A men’s basketball player who was listed on Miami’s 2017 roster was held up in his home country of Niger after his passport was revoked in a case of mistaken identity. Now back in Oxford, Abdoulaye Harouna will remain at Miami for another year, playing in the 2018-2019 season as a senior.
The international snafu kept Harouna grounded in his home country of Niger in western Africa, where he had gone during the summer break, he said.
On Aug. 21 in Niamey, the capital of Niger, U.S. officials told Harouna his student visa was temporarily revoked during a routine review of his passport, immigration status and university enrollment.
Harouna said he was shocked when U.S. embassy personnel told him they needed to validate that he was, in fact, a Miami University student-athlete and not a human rights activist of the same name sought by the Nigerien government.
According to the website of the organization Front Line Defenders, Abdoulaye Harouna is a “human rights defender” and member of ACTICE (the Association for the Defense of the Rights of Consumers to Information Technology, Communication and Energy). He and two other activists were reportedly arrested during a protest against economic legislation that would “drastically increase the cost of living for many of those already living in poverty,” according to the site.
An email to Front Line Defenders requesting more information on the arrest went unanswered.
The basketball player said his name is common in Niger. Both Harounas reside in Niamey, lending to the confusion.
Mike Roth, assistant communications director for men’s basketball, said the university tried to work with both the U.S. embassy and Nigerien government over this dispute but largely “left the situation alone.”
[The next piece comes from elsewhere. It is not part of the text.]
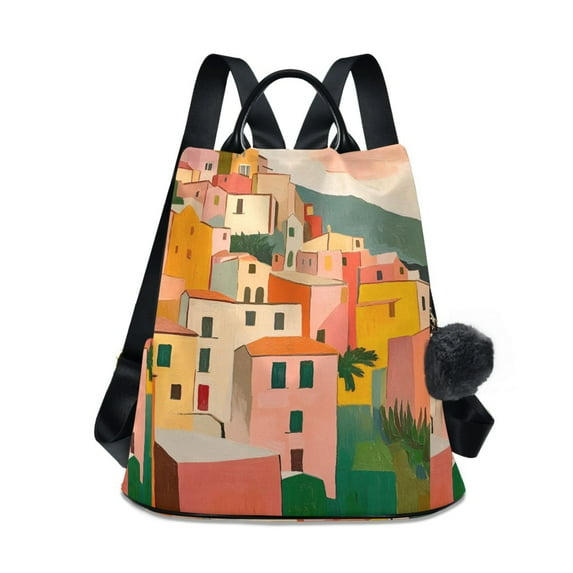 FORMRS Women's Travel Backpack Purse Anti-theft Hidden Pockets Casual Shoulder Bag, Pink Cityscape Painting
Roth said the restriction on Harouna was out of Miami’s control and there was nothing to do but let the government proceed with its protocol. Miami’s efforts in speeding up the process of getting Harouna back to the States included constant communication between the university council, U.S. Embassy and Nigerien government, he said.
Harouna said the incident left him surprised and angry.
“When they saw everything was okay, they told me my visa is approved but that they can’t give it to me right away until they verified that I wasn’t the guy they were looking for,” he said. In his 10 years of playing basketball on a student visa, this was the first time he ran into immigration issues.
Miami athletic officials had not revealed the cause of Harouna’s abrupt disappearance and his name remained on the roster during the fall season. In January, the team announced Harouna had reenrolled and would be able to play out his senior season in fall 2018 instead.
For Harouna, the real frustration came from worrying that his career in basketball was in jeopardy. NCAA rules allow only four seasons of competition, of which the 2017-18 would have been his last. By the time the United States released Harouna from limbo, the season was well under way and Harouna was unable to rejoin the team.
But the saga ended well. Upon Harouna’s return, Miami University athletics worked to arrange to give Harouna back his final season of competition. Katherine Lawrence, academic coordinator for men’s basketball, said Harouna received a “missed-term exemption … only granted in cases of missing a semester due to circumstances out of his control.”
Harouna intends to use this opportunity as motivation to be drafted into a professional league.